It is no secret that band flute players struggle with sounding thin, shrill, sharp and squeaky in the third octave. Knowing alternate fingerings to correct pitch can help, but won’t entirely solve the problem. What do you need to know to help them overcome these tendencies? The answers lie in what you can show your students regarding embouchure, air speed and a supported air column.
- “Looser lower, tighter higher” is a myth with regard to flute embouchure. A close corollary is “warm air low, cold air high”. Neither is correct or even accurate. How it really works is that basically the size of the aperture is pretty consistent from octave to octave. What is changing is how the air is being directed, higher or lower, with the lips moving independently of each other. Reach with your top lip to blow down more in lower octave or playing forte, push the bottom lip more forward to raise air stream to go up the octave and correct flatness when playing softly.

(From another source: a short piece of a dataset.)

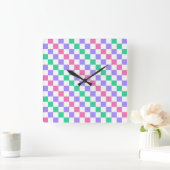 Horloge Carrée Candy shop diagonal checkerboard pattern (Maison)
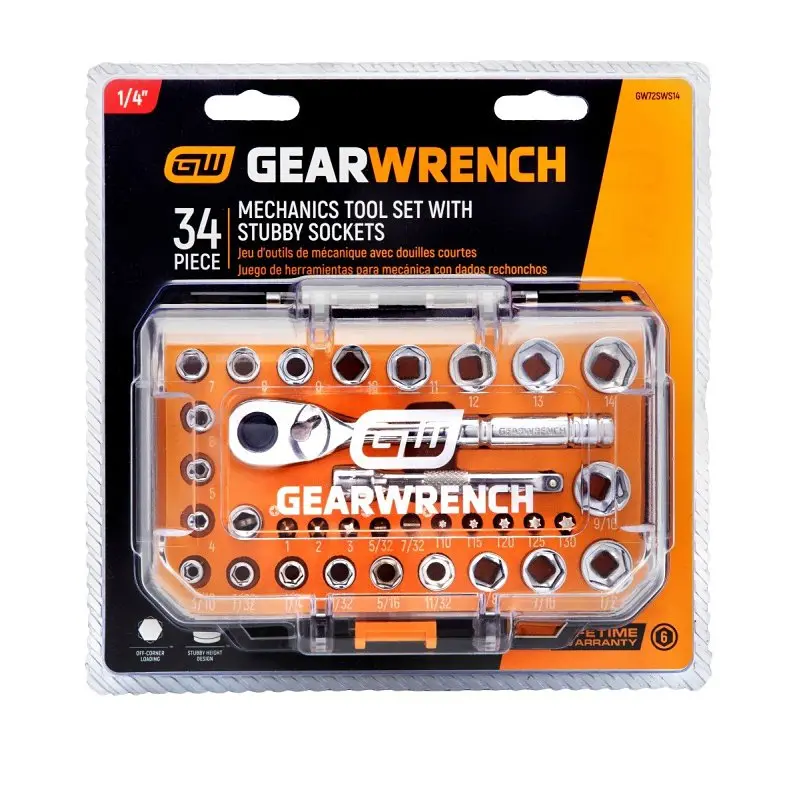 Gearwrench 34-Piece Chrome Mechanics Tool Set – Comprehensive Socket And Wrench Collection 1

- Place the flute lower on the chin and open the blow hole slightly. No more than a third of the blow hole should be covered by the bottom lip. This increases the transit time (the time from which the air exits the lips to when the air strikes the blowing edge), which increases resonance and depth of tone.
- To create an open resonant tone in all octaves is the most compelling reason why you want to teach students to bring the flute up into place on their chin rather than the old “kiss and roll” method. The “kiss and roll” places the flute too high on the lip, with a small, thin, shrill sound being the result.
- Teach your students to open their teeth and relax their throat behind their embouchure. The flute needs to rest against your chin and consequently, your bottom teeth, but the jaw and throat need to be relaxed and open as possible. (Shhhh….Don’t tell the orthodontists, but I frequently tell students wearing rubber bands on braces to take them off when playing so they can relax their jaw, provided they put them back in as soon as they are done playing.)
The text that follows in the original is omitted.